The world’s supply of cocaine originates virtually entirely in South America. The annual manufacture is at record levels of 2000 tons, which is a dramatic uptick from 2014, when the total was less than half as big. On the positive side, interceptions by law enforcement increased faster than production, with some countries seeing 5 to 10-x higher seizures.
Use isn’t everything. The number of overdose deaths involving cocaine has skyrocketed, notably in the US. This is due to the insane increase of synthetic opioids. The light pink line, which excludes these, suggests the US cocaine market has contracted from its peak.

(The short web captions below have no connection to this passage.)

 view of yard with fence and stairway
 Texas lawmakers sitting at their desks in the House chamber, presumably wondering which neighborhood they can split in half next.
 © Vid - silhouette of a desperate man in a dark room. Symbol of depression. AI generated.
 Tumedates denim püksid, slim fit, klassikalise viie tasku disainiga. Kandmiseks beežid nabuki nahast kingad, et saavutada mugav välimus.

Some researchers have even quantitatively investigated the link of mentions in song lyrics and substance use. The logic here is pretty simple. As rappers increasingly mention baking soda or coco in their songs, they contribute to cocaine popularity and associated deaths. According to the researcher’s statistic model, there is a 2 year lag before this kicks in. At least the use in lyrics seemed to have plateaued in their data.
On a more alarming note, use of even more dangerous crack cocaine has risen in the US and Europe. Compared to powdered hydrochloride salt, this free amine base reaches the brain quicker, making it far more addictive. But what mechanisms of cocaine make it so dangerously enticing for users?

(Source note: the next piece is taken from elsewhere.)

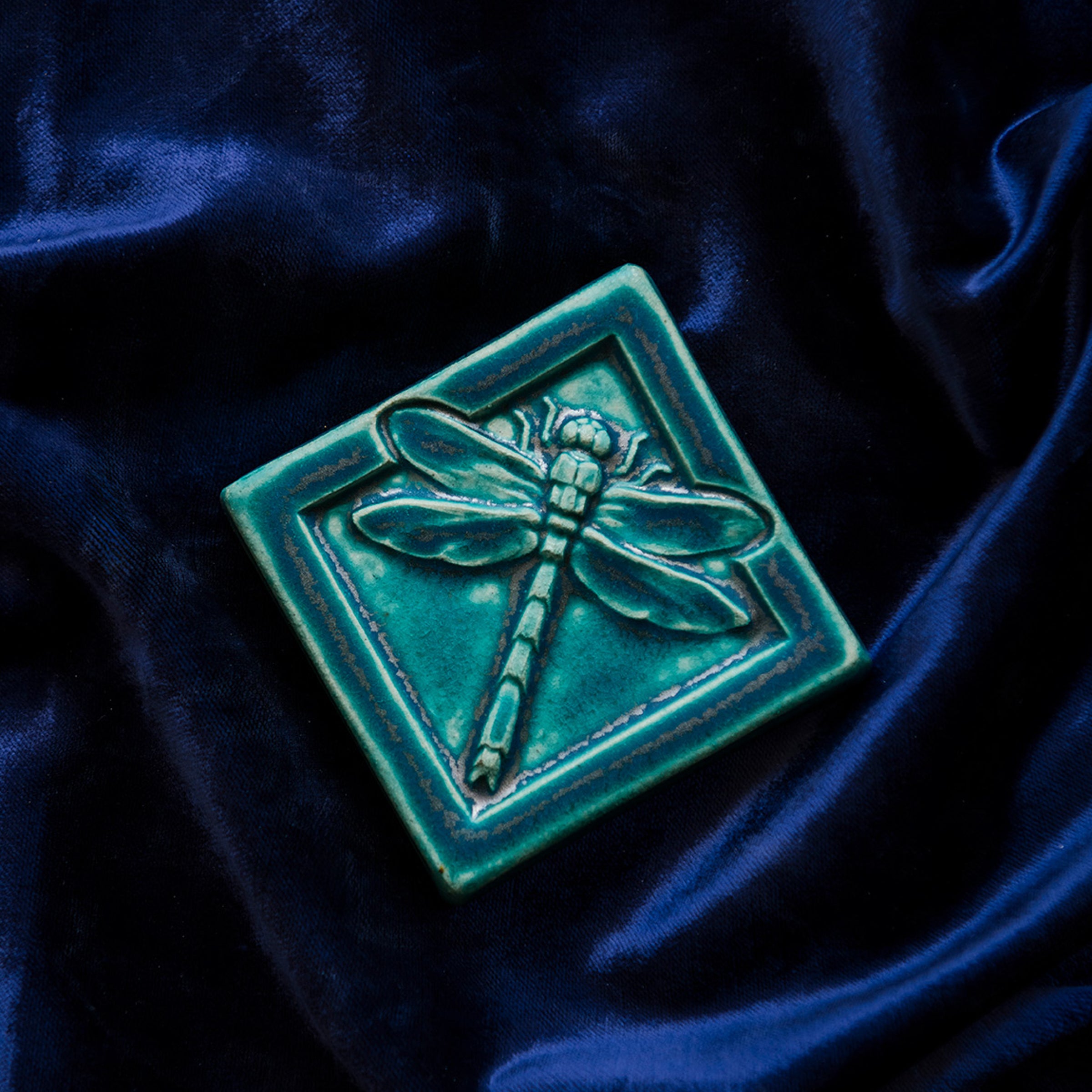 The Dragonfly Tile features a detailed dragonfly with wings outstretched. It is sitting horizontally on the square tile with a thick border around the edge. This Dragonfly Tile features the blueish-teal Pewabic Blue glaze.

As we will discover shortly, cocaine saw historical use as a local anesthetic. Cocaine stabilizes voltage-gated sodium ion channels in an inactive state. Cells lose their ability to propagate electrical signals, including pain response. Although some FDA-approved cocaine formulations exist, the medical use of cocaine is largely obsolete.
Cocaine’s mechanism of action
What about cocaine’s psychoactive effects? It acts at the synaptic cleft in the central nervous system by blocking certain transporter proteins. These transporters usually mediate the re-uptake of neurotransmitters serotonin, dopamine and noradrenaline. Cocaine mainly prevents reuptake of these agents, causing intense and extended stimulation of the nervous system. On one hand, this overstimulation messes with the body’s reward system. As we’ve seen in our ibogaine video, many psychoactive compounds influence a myriad of targets. The same is true for cocaine. For instance, it also binds opioid receptors – if you want to learn more, check out the literature.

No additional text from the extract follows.